Hahn Alexander K, Coladonato Carlo, Corvi John J, Patel Neel K, Sonnier John Hayden, Tjoumakaris Fotios, Freedman Kevin B
Orthopaedic Surgery, University of Connecticut, Farmington, USA.
Sports Medicine, Rothman Orthopaedic Institute, Philadelphia, USA.
Cureus. 2023 Jul 11;15(7):e41713. doi: 10.7759/cureus.41713. eCollection 2023 Jul.
The purpose of this systematic review is to report outcomes and complications following the reconstruction of chronic patellar tendon ruptures. Four databases (Cochrane Database of Systematic Reviews, PubMed, Embase, MEDLINE) were searched from inception to July 2021. Inclusion criteria included articles that (1) analyzed outcomes and complications following chronic patellar tendon reconstruction (>4 weeks from injury to repair), (2) were written in English, (3) greater than five patients, and (4) a minimum 2-year follow-up. Exclusion criteria included (1) non-original research and (2) patellar tendon repair/reconstruction with prior total knee arthroplasty. Data on outcome metrics and complications were extracted from the included studies and reported in a qualitative manner. Nine studies (number of patients = 96) were included after screening. Seven studies analyzed autograft reconstruction, and three of those seven studies analyzed reconstructions with additional augmentation. The remaining two studies evaluated reconstruction utilizing a bone-tendon-bone (BTB) allograft. Four of the autograft studies (n=40 patients) showed a range of post-operative mean Lysholm scores of 74-94. Additionally, four studies reported a post-operative extensor lag of 0-3°. Post-operative protocol for autograft studies included delayed motion and was either contained to a bivalved cast or a hinged knee brace for six weeks. The two allograft studies reported a range of mean Lysholm scores from 62 to 67, and each immobilized the leg in full extension until six weeks. While chronic patellar tendon ruptures are a rare injury of the extensor mechanism, there are viable options for reconstruction. Overall, chronic patellar tendon ruptures reconstructed with both autograft and allograft will provide fair to good outcomes with low complication rates. Following surgery, immobilization for at least six weeks should be emphasized to protect the graft and optimize patient outcomes.

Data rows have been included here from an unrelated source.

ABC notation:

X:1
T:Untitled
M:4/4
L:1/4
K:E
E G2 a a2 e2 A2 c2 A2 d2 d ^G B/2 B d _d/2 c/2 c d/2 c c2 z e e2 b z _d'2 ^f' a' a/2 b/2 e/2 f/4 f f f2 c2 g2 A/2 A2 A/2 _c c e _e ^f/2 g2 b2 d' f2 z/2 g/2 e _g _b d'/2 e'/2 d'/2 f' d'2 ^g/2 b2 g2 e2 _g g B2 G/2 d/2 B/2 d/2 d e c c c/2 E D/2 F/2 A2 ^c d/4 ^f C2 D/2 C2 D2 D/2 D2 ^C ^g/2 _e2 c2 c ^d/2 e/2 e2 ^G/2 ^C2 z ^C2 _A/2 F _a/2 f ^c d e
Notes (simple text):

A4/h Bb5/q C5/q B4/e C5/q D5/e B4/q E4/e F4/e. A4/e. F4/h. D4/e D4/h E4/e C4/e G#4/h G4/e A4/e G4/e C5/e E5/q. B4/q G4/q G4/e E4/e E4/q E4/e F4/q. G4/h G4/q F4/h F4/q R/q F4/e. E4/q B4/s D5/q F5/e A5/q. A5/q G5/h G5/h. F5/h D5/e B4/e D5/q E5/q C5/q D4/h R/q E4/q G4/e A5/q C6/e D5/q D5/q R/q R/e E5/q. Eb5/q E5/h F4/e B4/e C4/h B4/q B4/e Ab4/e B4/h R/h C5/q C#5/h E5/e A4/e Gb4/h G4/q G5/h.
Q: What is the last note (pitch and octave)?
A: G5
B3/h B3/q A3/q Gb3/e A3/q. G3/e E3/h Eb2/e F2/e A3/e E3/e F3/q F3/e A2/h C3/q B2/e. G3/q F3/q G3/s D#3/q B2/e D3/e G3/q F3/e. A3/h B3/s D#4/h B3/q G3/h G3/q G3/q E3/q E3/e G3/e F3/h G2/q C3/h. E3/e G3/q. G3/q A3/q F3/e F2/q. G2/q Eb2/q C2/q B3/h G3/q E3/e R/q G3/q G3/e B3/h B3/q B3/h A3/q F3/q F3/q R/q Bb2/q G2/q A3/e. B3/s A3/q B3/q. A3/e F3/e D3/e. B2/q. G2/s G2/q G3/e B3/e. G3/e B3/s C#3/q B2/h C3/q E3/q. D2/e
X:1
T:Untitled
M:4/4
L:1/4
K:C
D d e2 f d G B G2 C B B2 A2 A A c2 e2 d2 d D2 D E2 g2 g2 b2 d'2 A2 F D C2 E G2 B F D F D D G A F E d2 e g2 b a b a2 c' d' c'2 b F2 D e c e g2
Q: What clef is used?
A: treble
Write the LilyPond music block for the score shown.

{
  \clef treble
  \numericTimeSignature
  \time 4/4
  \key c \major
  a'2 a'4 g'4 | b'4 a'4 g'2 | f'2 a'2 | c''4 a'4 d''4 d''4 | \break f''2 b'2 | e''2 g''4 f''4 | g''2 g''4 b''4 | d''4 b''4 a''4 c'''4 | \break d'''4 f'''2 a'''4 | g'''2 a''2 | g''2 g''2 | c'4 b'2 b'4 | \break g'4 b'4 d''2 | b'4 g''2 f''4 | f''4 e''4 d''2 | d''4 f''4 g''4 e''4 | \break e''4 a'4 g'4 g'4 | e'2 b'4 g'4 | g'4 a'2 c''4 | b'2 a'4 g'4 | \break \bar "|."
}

本系统评价的目的是报告慢性髌腱断裂重建术后的结果及并发症。检索了四个数据库(Cochrane系统评价数据库、PubMed、Embase、MEDLINE),检索时间从建库至2021年7月。纳入标准包括:(1)分析慢性髌腱重建术后(从损伤到修复超过4周)的结果及并发症;(2)英文撰写;(3)患者超过5例;(4)至少2年的随访。排除标准包括:(1)非原创研究;(2)既往有全膝关节置换术的髌腱修复/重建。从纳入研究中提取结果指标和并发症的数据,并进行定性报告。筛选后纳入9项研究(患者数量=96)。7项研究分析了自体移植物重建,其中7项研究中的3项分析了额外增强的重建。其余2项研究评估了使用骨-肌腱-骨(BTB)同种异体移植物的重建。4项自体移植物研究(n = 40例患者)显示术后平均Lysholm评分范围为74 - 94。此外,4项研究报告术后伸膝滞后为0 - 3°。自体移植物研究的术后方案包括延迟活动,采用双瓣石膏或带铰链的膝关节支具固定6周。2项同种异体移植物研究报告的平均Lysholm评分范围为62至67,每项研究均将腿部固定在完全伸直位直至6周。虽然慢性髌腱断裂是伸肌机制的一种罕见损伤,但有可行的重建选择。总体而言,自体移植物和同种异体移植物重建慢性髌腱断裂均能提供较好的结果,并发症发生率较低。手术后,应强调至少固定6周以保护移植物并优化患者预后。